Location: Ring 5 City - Medicine Hall Branch

The Fifth Ring smelled different from Seven Peaks.

Lin Yue stepped off the transport platform—a modified formation array that’d carried her forty kilometers in twenty minutes—and breathed in city air. Smoke from cooking fires, merchant spices, unwashed bodies crammed into too-small housing, the underlying metallic tang of depleted spiritual energy that pervaded the outer rings.

Home. Or what passed for it before she’d found cultivation.

The Medicine Hall branch sat three blocks from the transport station, marked by a simple sign carved from living wood that’d been coaxed into growing the sect’s symbol. Nothing fancy. Nothing that screamed wealth or power. Just a building that looked like it belonged in the Fifth Ring—solid construction, clean lines, doors open to anyone who needed help.

Seven weeks since they’d established this experimental branch. Seven weeks to prove whether the model could work outside Seven Peaks’ controlled environment.

Lin Yue was here to find out.

A young woman in Medicine Hall green robes noticed her approach and stopped mid-stride, eyes going wide. "Elder Lin!"

Vera Coldbrook, age nineteen, one of the three rotating Seven Peaks disciples assigned to supervise the branch. Foundation Establishment Level Two, alchemy focused, recruited from a Sixth Ring clinic where she’d been treating patients with herbs and prayer because spiritual medicine had become too expensive for normal people.
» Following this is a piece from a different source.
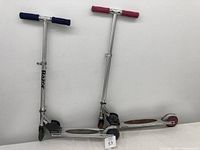 Pair of two silver Razor kids scooters, one with blue grips and one with red grips, leaning against a white wall.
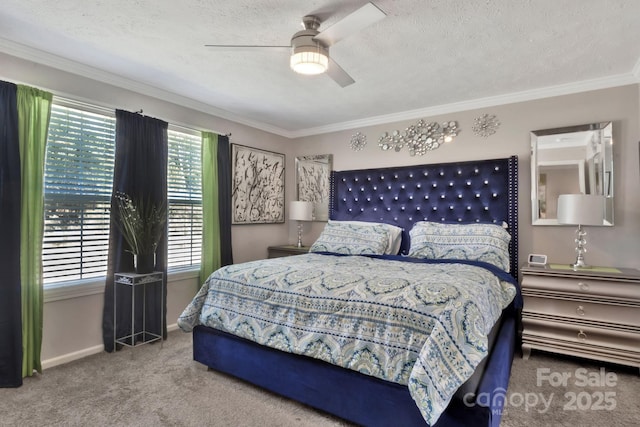 bedroom with carpet flooring, crown molding, a textured ceiling, and baseboards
"Vera." Lin Yue returned the bow with proper formality. "How’s our experiment going?"

"Thriving." The girl couldn’t keep the pride from her voice. "Come see."

***

The branch interior was organized chaos.

Twenty beds lined the main treatment hall—simple wooden frames with clean linens, partitioned by hanging curtains for privacy. Sixteen were occupied. Patients ranged from elderly to infant, from well-dressed merchants to laborers in patched clothing.

And attending them were twelve local disciples wearing the Medicine Hall’s probationary grey robes.

Lin Yue stopped in the doorway and watched.

A middle-aged man—Roderic Ashwood, according to his name tag—treated an elderly woman’s swollen knee with careful spiritual energy application. His technique was rudimentary compared to Seven Peaks standards, but functional. Competent. The spiritual pressure flowed in controlled bursts designed to reduce inflammation without damaging surrounding tissue.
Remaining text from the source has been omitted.